A binary search tree (BST) is defined by the following properties:

• The left subtree of a node contains only nodes with data less than the node’s data.
• The right subtree of a node contains only nodes with data greater than the node’s data.
• Both the left and right subtrees must also be binary search trees.

A complete binary tree is one where all levels are completely filled except possibly for the last level, which should have all keys as left as possible.

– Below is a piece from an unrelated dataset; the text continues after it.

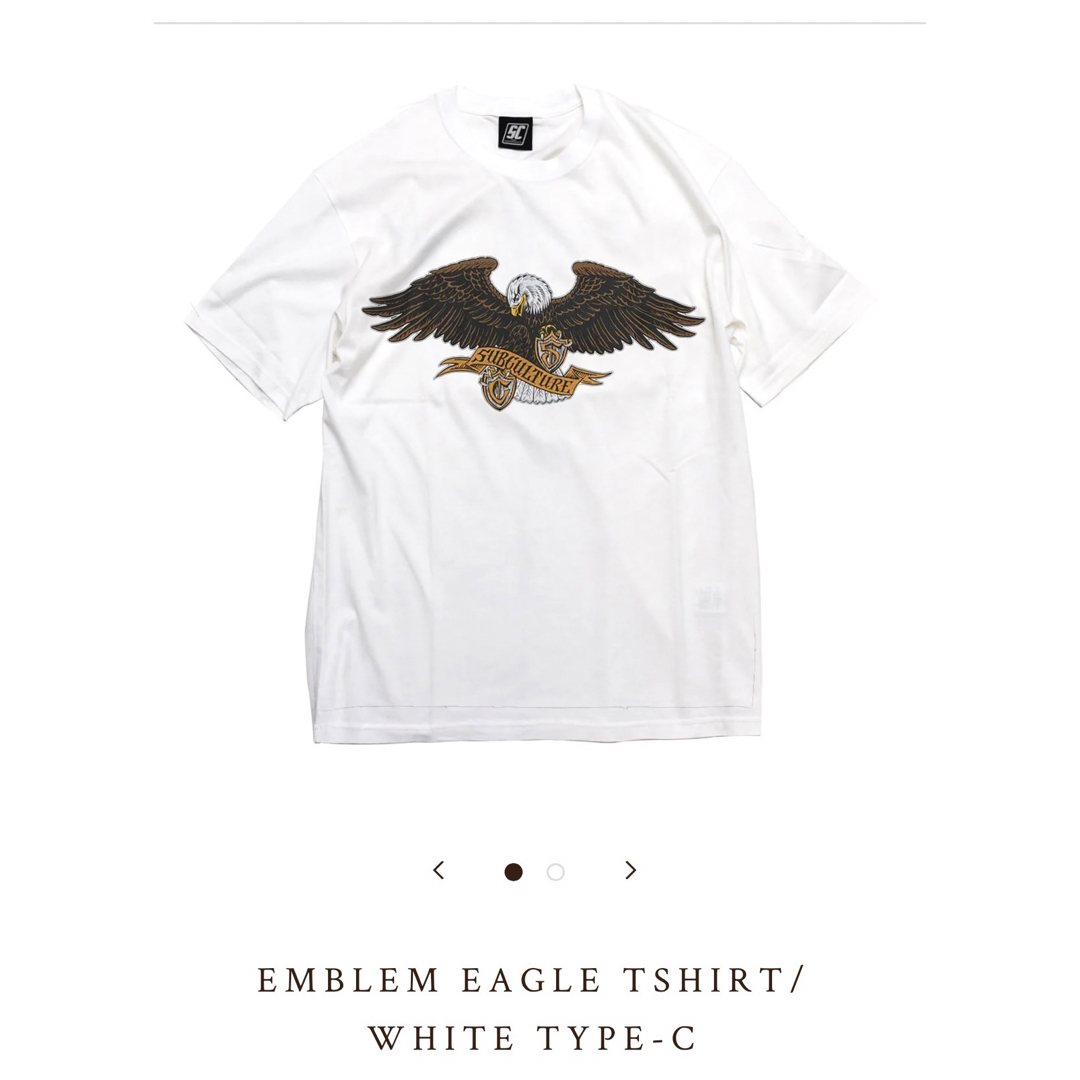 Supreme(シュプリーム)のSubculture SC サブカルチャー Tシャツ EMBLEM EAGLE  メンズのトップス(Tシャツ/カットソー(半袖/袖なし))の商品写真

A Min Heap is defined as a binary tree where the value of each node is smaller than or equal to the values in its children. For this problem, there is an additional requirement that all values in the left subtree of a node should be less than all the values in the right subtree.

Input:

The first line contains an integer 'T', representing the number of test cases. The subsequent lines represent each test case, containing values of nodes in level order form separated by spaces. Use -1 to denote a null node.

Output:

For each test case, print the Min Heap in level order form. Separate the output of each test case with a new line.

Example:

Input:
1
4 2 6 1 3 5 7 -1 -1 -1 -1 -1 -1

Output:
1 2 5 4 3 6 7

Constraints:

• 1 <= T <= 10
• 1 <= N <= 5 * 10^4
• -10^9 <= data <= 10^9, and data != -1

Note:

You do not need to print anything. Your function should return the root of the Min Heap. The provided input-output format is to ensure clarity.